**REQUIRED WORK:**
All of the data that follows needs to be printed again, exactly as it reads.

• • • •

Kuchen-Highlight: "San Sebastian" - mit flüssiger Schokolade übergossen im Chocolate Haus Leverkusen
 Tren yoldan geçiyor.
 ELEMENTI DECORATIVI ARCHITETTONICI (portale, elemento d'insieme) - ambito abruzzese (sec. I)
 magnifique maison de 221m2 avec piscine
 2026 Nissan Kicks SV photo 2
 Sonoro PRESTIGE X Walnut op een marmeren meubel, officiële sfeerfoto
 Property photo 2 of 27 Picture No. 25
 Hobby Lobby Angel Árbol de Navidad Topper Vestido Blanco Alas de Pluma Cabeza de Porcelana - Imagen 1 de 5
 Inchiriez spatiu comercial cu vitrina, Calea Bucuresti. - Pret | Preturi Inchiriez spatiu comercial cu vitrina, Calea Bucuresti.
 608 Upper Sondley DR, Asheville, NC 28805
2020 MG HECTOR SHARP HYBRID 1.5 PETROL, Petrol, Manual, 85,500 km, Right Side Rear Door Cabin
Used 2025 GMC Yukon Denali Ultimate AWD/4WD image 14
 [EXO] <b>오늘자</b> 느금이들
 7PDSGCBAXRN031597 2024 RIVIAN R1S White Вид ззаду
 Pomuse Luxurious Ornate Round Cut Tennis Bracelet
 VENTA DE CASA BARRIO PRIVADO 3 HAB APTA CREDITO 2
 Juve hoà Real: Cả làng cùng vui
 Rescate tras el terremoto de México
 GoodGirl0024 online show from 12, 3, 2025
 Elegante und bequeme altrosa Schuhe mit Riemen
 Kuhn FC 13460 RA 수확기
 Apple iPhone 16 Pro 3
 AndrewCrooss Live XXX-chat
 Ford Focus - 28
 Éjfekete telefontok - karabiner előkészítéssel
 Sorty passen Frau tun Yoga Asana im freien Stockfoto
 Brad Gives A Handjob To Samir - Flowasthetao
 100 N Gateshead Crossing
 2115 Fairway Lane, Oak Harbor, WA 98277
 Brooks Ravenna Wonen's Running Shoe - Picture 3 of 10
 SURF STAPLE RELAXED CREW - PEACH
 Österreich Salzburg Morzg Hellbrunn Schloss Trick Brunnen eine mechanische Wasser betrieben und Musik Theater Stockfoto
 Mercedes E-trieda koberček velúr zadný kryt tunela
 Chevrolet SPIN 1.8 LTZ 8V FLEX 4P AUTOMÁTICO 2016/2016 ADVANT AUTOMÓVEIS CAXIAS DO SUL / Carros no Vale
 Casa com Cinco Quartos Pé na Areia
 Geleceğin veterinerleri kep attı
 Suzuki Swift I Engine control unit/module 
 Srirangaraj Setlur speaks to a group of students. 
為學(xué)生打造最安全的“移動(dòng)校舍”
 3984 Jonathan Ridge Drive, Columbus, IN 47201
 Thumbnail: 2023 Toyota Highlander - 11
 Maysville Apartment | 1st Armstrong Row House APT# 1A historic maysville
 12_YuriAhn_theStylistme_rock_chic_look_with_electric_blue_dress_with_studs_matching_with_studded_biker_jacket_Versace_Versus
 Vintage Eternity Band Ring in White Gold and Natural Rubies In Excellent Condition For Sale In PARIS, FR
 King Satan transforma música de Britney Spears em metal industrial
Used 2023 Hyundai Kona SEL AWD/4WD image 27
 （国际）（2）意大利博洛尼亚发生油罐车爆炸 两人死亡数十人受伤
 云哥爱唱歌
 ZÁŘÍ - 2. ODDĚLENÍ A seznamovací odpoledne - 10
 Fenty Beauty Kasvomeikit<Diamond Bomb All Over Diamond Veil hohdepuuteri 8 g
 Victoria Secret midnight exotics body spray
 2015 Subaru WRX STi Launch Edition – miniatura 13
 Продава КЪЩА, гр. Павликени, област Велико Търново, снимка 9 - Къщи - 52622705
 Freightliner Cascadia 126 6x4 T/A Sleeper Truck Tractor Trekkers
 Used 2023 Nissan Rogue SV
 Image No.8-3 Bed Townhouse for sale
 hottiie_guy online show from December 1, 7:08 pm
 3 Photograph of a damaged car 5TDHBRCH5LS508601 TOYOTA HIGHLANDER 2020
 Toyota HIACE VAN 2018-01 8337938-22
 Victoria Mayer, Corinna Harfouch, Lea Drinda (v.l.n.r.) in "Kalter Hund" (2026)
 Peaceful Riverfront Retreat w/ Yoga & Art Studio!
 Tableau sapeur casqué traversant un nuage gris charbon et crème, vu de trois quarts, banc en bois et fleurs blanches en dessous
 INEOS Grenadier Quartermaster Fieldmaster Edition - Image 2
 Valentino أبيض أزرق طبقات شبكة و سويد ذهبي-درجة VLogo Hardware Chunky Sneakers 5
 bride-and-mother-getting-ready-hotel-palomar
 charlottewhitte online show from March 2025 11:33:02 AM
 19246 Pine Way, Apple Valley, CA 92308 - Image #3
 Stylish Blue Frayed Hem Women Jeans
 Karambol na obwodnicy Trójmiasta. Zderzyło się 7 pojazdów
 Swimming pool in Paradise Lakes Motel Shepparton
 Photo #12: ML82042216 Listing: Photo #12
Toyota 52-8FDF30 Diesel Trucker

• • • •

**RESULT:**
Kuchen-Highlight: "San Sebastian" - mit flüssiger Schokolade übergossen im Chocolate Haus Leverkusen
 Tren yoldan geçiyor.
 ELEMENTI DECORATIVI ARCHITETTONICI (portale, elemento d'insieme) - ambito abruzzese (sec. I)
 magnifique maison de 221m2 avec piscine
 2026 Nissan Kicks SV photo 2
 Sonoro PRESTIGE X Walnut op een marmeren meubel, officiële sfeerfoto
 Property photo 2 of 27 Picture No. 25
 Hobby Lobby Angel Árbol de Navidad Topper Vestido Blanco Alas de Pluma Cabeza de Porcelana - Imagen 1 de 5
 Inchiriez spatiu comercial cu vitrina, Calea Bucuresti. - Pret | Preturi Inchiriez spatiu comercial cu vitrina, Calea Bucuresti.
 608 Upper Sondley DR, Asheville, NC 28805
2020 MG HECTOR SHARP HYBRID 1.5 PETROL, Petrol, Manual, 85,500 km, Right Side Rear Door Cabin
Used 2025 GMC Yukon Denali Ultimate AWD/4WD image 14
 [EXO] <b>오늘자</b> 느금이들
 7PDSGCBAXRN031597 2024 RIVIAN R1S White Вид ззаду
 Pomuse Luxurious Ornate Round Cut Tennis Bracelet
 VENTA DE CASA BARRIO PRIVADO 3 HAB APTA CREDITO 2
 Juve hoà Real: Cả làng cùng vui
 Rescate tras el terremoto de México
 GoodGirl0024 online show from 12, 3, 2025
 Elegante und bequeme altrosa Schuhe mit Riemen
 Kuhn FC 13460 RA 수확기
 Apple iPhone 16 Pro 3
 AndrewCrooss Live XXX-chat
 Ford Focus - 28
 Éjfekete telefontok - karabiner előkészítéssel
 Sorty passen Frau tun Yoga Asana im freien Stockfoto
 Brad Gives A Handjob To Samir - Flowasthetao
 100 N Gateshead Crossing
 2115 Fairway Lane, Oak Harbor, WA 98277
 Brooks Ravenna Wonen's Running Shoe - Picture 3 of 10
 SURF STAPLE RELAXED CREW - PEACH
 Österreich Salzburg Morzg Hellbrunn Schloss Trick Brunnen eine mechanische Wasser betrieben und Musik Theater Stockfoto
 Mercedes E-trieda koberček velúr zadný kryt tunela
 Chevrolet SPIN 1.8 LTZ 8V FLEX 4P AUTOMÁTICO 2016/2016 ADVANT AUTOMÓVEIS CAXIAS DO SUL / Carros no Vale
 Casa com Cinco Quartos Pé na Areia
 Geleceğin veterinerleri kep attı
 Suzuki Swift I Engine control unit/module 
 Srirangaraj Setlur speaks to a group of students. 
為學(xué)生打造最安全的“移動(dòng)校舍”
 3984 Jonathan Ridge Drive, Columbus, IN 47201
 Thumbnail: 2023 Toyota Highlander - 11
 Maysville Apartment | 1st Armstrong Row House APT# 1A historic maysville
 12_YuriAhn_theStylistme_rock_chic_look_with_electric_blue_dress_with_studs_matching_with_studded_biker_jacket_Versace_Versus
 Vintage Eternity Band Ring in White Gold and Natural Rubies In Excellent Condition For Sale In PARIS, FR
 King Satan transforma música de Britney Spears em metal industrial
Used 2023 Hyundai Kona SEL AWD/4WD image 27
 （国际）（2）意大利博洛尼亚发生油罐车爆炸 两人死亡数十人受伤
 云哥爱唱歌
 ZÁŘÍ - 2. ODDĚLENÍ A seznamovací odpoledne - 10
 Fenty Beauty Kasvomeikit<Diamond Bomb All Over Diamond Veil hohdepuuteri 8 g
 Victoria Secret midnight exotics body spray
 2015 Subaru WRX STi Launch Edition – miniatura 13
 Продава КЪЩА, гр. Павликени, област Велико Търново, снимка 9 - Къщи - 52622705
 Freightliner Cascadia 126 6x4 T/A Sleeper Truck Tractor Trekkers
 Used 2023 Nissan Rogue SV
 Image No.8-3 Bed Townhouse for sale
 hottiie_guy online show from December 1, 7:08 pm
 3 Photograph of a damaged car 5TDHBRCH5LS508601 TOYOTA HIGHLANDER 2020
 Toyota HIACE VAN 2018-01 8337938-22
 Victoria Mayer, Corinna Harfouch, Lea Drinda (v.l.n.r.) in "Kalter Hund" (2026)
 Peaceful Riverfront Retreat w/ Yoga & Art Studio!
 Tableau sapeur casqué traversant un nuage gris charbon et crème, vu de trois quarts, banc en bois et fleurs blanches en dessous
 INEOS Grenadier Quartermaster Fieldmaster Edition - Image 2
 Valentino أبيض أزرق طبقات شبكة و سويد ذهبي-درجة VLogo Hardware Chunky Sneakers 5
 bride-and-mother-getting-ready-hotel-palomar
 charlottewhitte online show from March 2025 11:33:02 AM
 19246 Pine Way, Apple Valley, CA 92308 - Image #3
 Stylish Blue Frayed Hem Women Jeans
 Karambol na obwodnicy Trójmiasta. Zderzyło się 7 pojazdów
 Swimming pool in Paradise Lakes Motel Shepparton
 Photo #12: ML82042216 Listing: Photo #12
Toyota 52-8FDF30 Diesel Trucker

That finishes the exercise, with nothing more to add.